Ci faryzeusze, którzy byli pod wpływem szatana, próbowali zdyskredytować Pana Jezusa, skupiając się na mniej istotnych zagadnieniach, aby w ten sposób zapobiec głoszeniu tych prawd, które są najważniejsze, ponieważ dzięki nim można poznać prawdę o Bogu. Nie chodzi tu o doktryny i poglądy, ale taką znajomość Boga, która ma moc zmiany naszych serc i charakterów.

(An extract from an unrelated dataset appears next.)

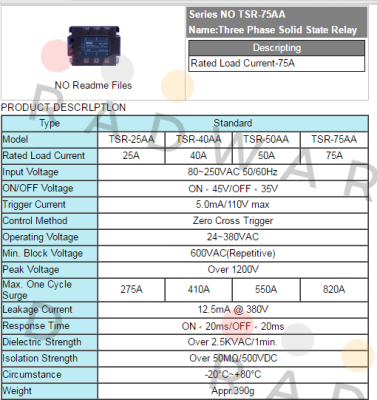 Fotek-TSR-75AA  price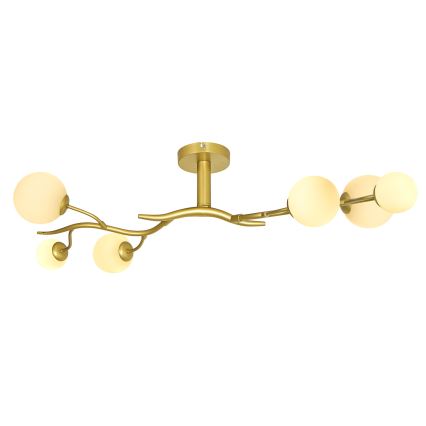 Brilagi - LED ytmonterad ljuskrona MISTEL 6xG9/3W/230V guld/vit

Szatan nie tylko atakuje prawdę, rozpowszechniając wśród nas kłamstwa o Bogu. Szatan walczy też z tymi ludźmi, którzy opowiadają innym prawdę o Bogu. Tak jak kiedyś próbował zepsuć reputację jaką wśród wielu ludzi miał Pan Jezus, tak samo robi to z tymi, którzy dzisiaj pokazują ludziom prawdziwego Boga. Analizując dyskusje toczące się wśród chrześcijan, bardzo często można odkryć ten sam sposób działania, który ujawniał się podczas dyskusji Pana Jezusa z faryzeuszami.

Dlatego bardzo ważne jest, abyśmy pamiętali o bardzo dobrej radzie udzielonej nam przez Boga za pośrednictwem Ducha Proroctwa. Nie ulegajmy pokusie kontynuowania dyskusji z tymi, którzy zachowują się jak faryzeusze. Pan Jezus dał nam przykład, który powinien być dla nas wzorem. Pan Jezus nie unikał dyskusji z faryzeuszami, ale po przekazaniu im prawd, które wywierały wpływ na ich umysły i serca, nie kontynuował dyskusji, gdy faryzeusze nie chcieli ulec temu wpływowi. Kiedy Pan Jezus w synagodze wyjaśnił faryzeuszom, że nie rozumieją właściwie przykazania o zachowywaniu sabatu, po prostu wyszedł z synagogi i nie kontynuował teologicznej dyskusji, ale swoimi czynami pokazał wszystkim patrzącym na Niego ludziom, jaka jest Prawda i jaką mocą dokonywał wszystkich cudów. To najlepszy możliwy sposób aby obnażyć kłamstwa szatana.